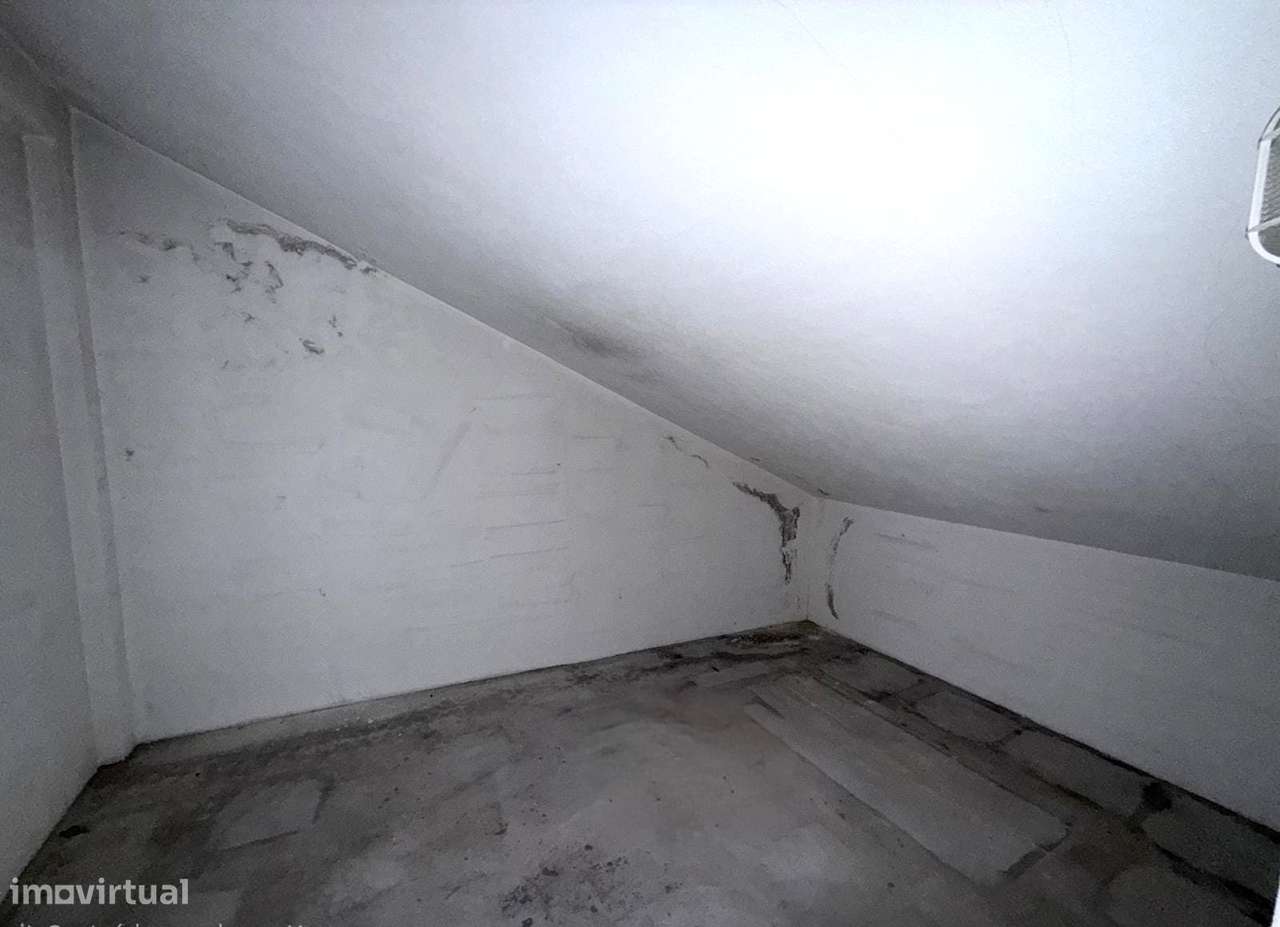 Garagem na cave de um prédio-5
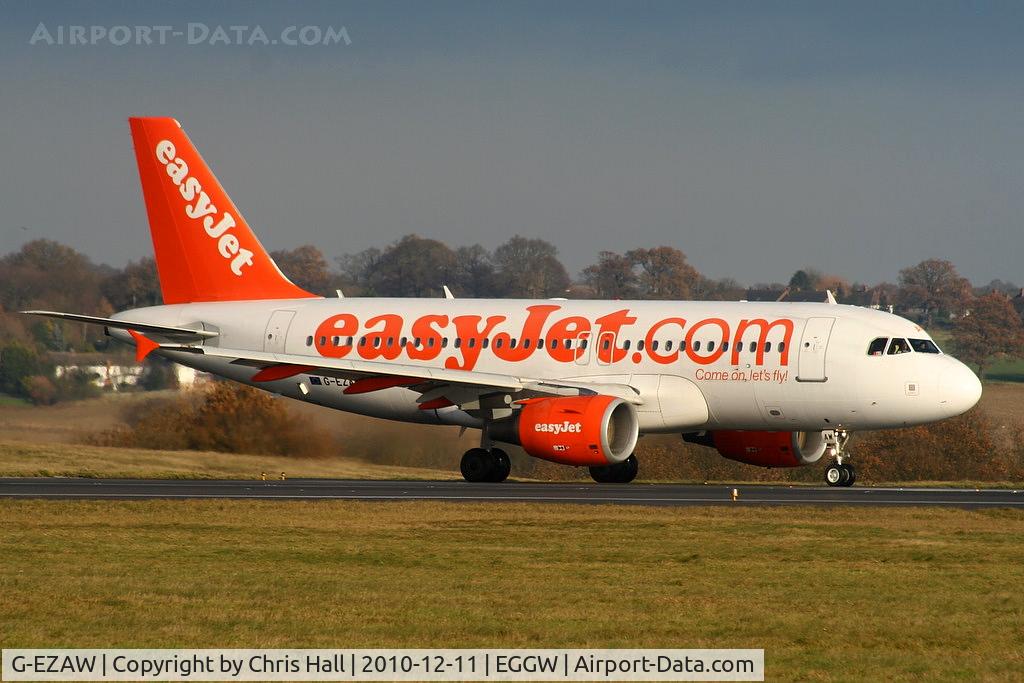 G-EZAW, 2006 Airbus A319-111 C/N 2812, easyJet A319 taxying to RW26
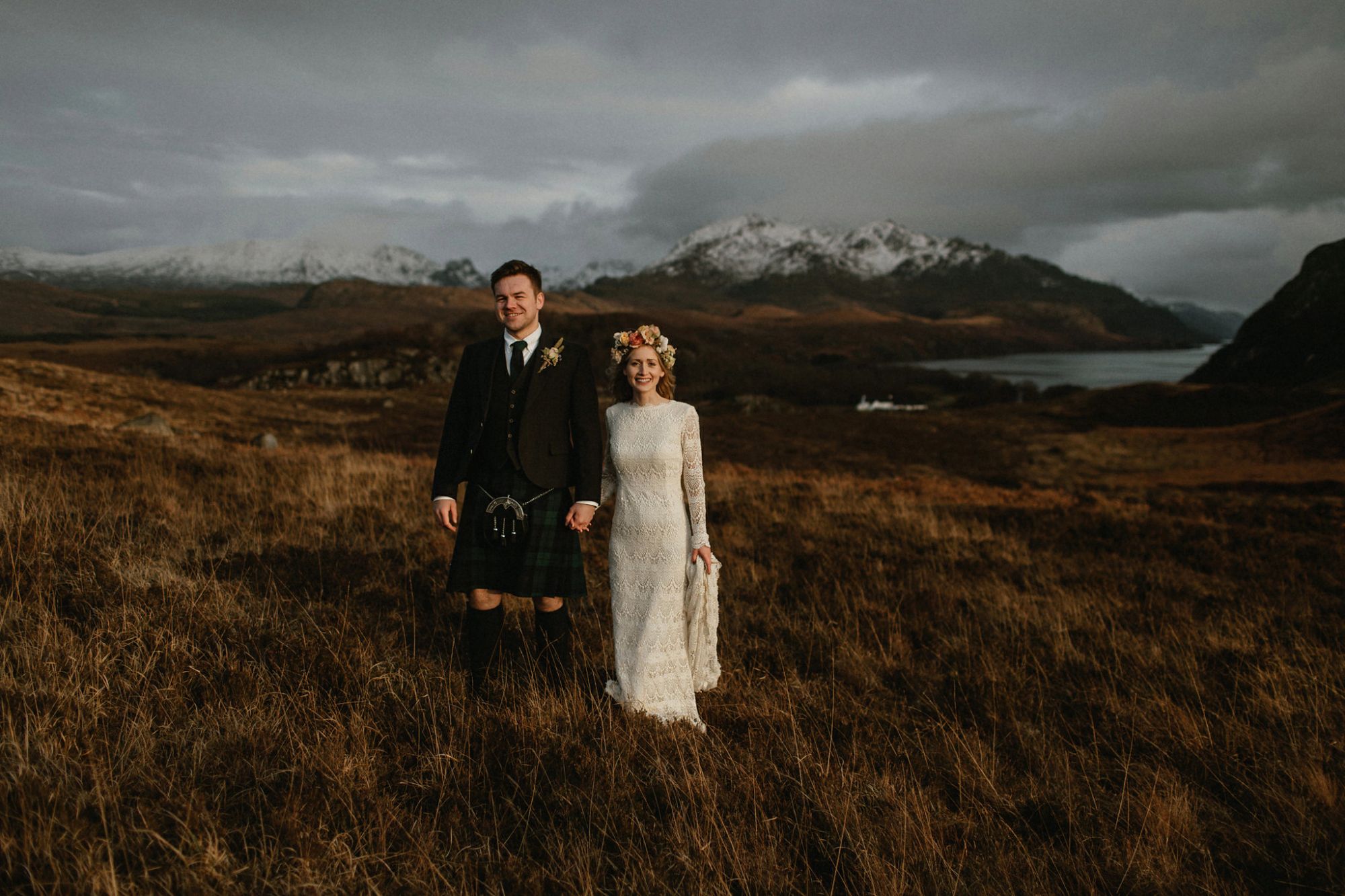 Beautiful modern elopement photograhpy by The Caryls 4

_Problem to solve_
Would you set down each line of the listing above exactly, apart from the pictures?

_Answer for the task_
 Garagem na cave de um prédio-5
 G-EZAW, 2006 Airbus A319-111 C/N 2812, easyJet A319 taxying to RW26
 Beautiful modern elopement photograhpy by The Caryls 4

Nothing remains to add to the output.